More has been written about PBF, and a key part of the discourse has focused on how PBF reforms have been implemented. Its proponents characterized PBF as a system-wide reform. Its critics feel PBF reforms have been “donor-driven fads” implemented in “project mode” and have fallen short of this promise.

For example, PBF schemes relied on new structures to verify results instead of strengthening existing information systems, and the payments were not aligned with public financial management (PFM) rules. Many PBF pilots were narrow, focusing on select services based on the donor funding them. These characteristics increased costs and hurt government buy-in, making the schemes unsustainable.

The way forward with facility financing reforms

A recent brief by the World Health Organization and the World Bank recommends that DFF be viewed as a systems reform instead of a new project or scheme. We agree but worry that old habits die hard. So, as the wind gathers behind the DFF sail, we offer three concrete recommendations:

  1. DFF can take many forms. The point is not to introduce a new scheme or provider payment method called DFF. Instead, the goal should be to analyze existing facility financing arrangements and find ways to strengthen desirable health financing attributes associated with DFF, such as funds for operations flowing directly to facilities and facility managers having the authority to manage these funds. Indeed, in some contexts, this may entail transitioning existing PBF projects.
  2. DFF must happen within the system. The reform being integrated into PFM rules, governance arrangements, and information platforms is inherent to DFF and critical for ensuring its sustainability.
  3. DFF reforms should target a comprehensive range of services. While it is nonsensical to have a parallel DFF platform to channel only donor funds for vertical programs, DFF can support the harmonization of donor inflows with domestic public budget financing for health. This can unify payments to offer a coherent incentive environment for providers.

Following these suggestions will ensure that DFF is not viewed—negatively or positively—as the new silver bullet, and instead becomes the engine for meaningful and lasting health reform.

[1] USAID, Global Fund, GAVI, and the World Bank are supporting countries implement DFF reforms.

[2] Some co-authors of this article have been participating in such discussions.


About the Authors:

Nirmala Ravishankar is a Senior Fellow at ThinkWell and resides in Chennai, India.

Edwine Barasa is the Director of the Nairobi Programme of the KEMRI Wellcome Trust Research Programme and a Visiting Professor of Health Economics at the University of Oxford. He is based in Nairobi, Kenya.
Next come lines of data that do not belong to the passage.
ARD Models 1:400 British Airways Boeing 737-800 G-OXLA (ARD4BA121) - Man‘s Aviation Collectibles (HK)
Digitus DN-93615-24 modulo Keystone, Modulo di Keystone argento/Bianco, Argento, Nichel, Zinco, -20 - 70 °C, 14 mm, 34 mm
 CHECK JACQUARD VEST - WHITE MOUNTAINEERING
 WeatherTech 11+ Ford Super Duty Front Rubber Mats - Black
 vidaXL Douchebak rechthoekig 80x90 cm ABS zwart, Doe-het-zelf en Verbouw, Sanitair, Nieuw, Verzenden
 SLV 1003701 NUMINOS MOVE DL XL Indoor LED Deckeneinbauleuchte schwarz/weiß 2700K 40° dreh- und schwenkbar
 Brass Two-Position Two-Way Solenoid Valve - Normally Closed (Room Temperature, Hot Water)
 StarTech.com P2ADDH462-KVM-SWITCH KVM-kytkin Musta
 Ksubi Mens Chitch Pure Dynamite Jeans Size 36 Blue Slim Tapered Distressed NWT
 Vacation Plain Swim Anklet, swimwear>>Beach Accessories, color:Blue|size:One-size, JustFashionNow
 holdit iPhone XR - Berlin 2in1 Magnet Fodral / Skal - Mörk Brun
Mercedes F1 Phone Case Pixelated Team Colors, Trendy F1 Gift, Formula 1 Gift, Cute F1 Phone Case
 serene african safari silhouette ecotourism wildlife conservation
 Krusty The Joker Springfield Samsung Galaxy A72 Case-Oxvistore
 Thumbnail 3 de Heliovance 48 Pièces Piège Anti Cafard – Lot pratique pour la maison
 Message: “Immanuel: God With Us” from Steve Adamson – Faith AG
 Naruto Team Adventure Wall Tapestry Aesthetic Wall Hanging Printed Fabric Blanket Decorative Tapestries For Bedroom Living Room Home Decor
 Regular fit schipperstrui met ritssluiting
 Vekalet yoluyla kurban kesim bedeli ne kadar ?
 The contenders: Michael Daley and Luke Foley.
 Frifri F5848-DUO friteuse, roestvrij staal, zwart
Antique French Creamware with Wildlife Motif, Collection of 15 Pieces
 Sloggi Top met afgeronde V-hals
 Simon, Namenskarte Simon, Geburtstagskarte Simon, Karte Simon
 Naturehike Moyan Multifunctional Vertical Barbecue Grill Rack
Sophie Witter is a Professor of International Health Financing and Health Systems at Queen Margaret University, Edinburgh. She lives in Yorkshire in the United Kingdom.

Angellah Nakyanzi is the Uganda Country Manager for ThinkWell, based in Kampala.

Joseph Kutzin is a health financing specialist who worked for the World Health Organization in a range of positions, and currently lives near Geneva in Switzerland.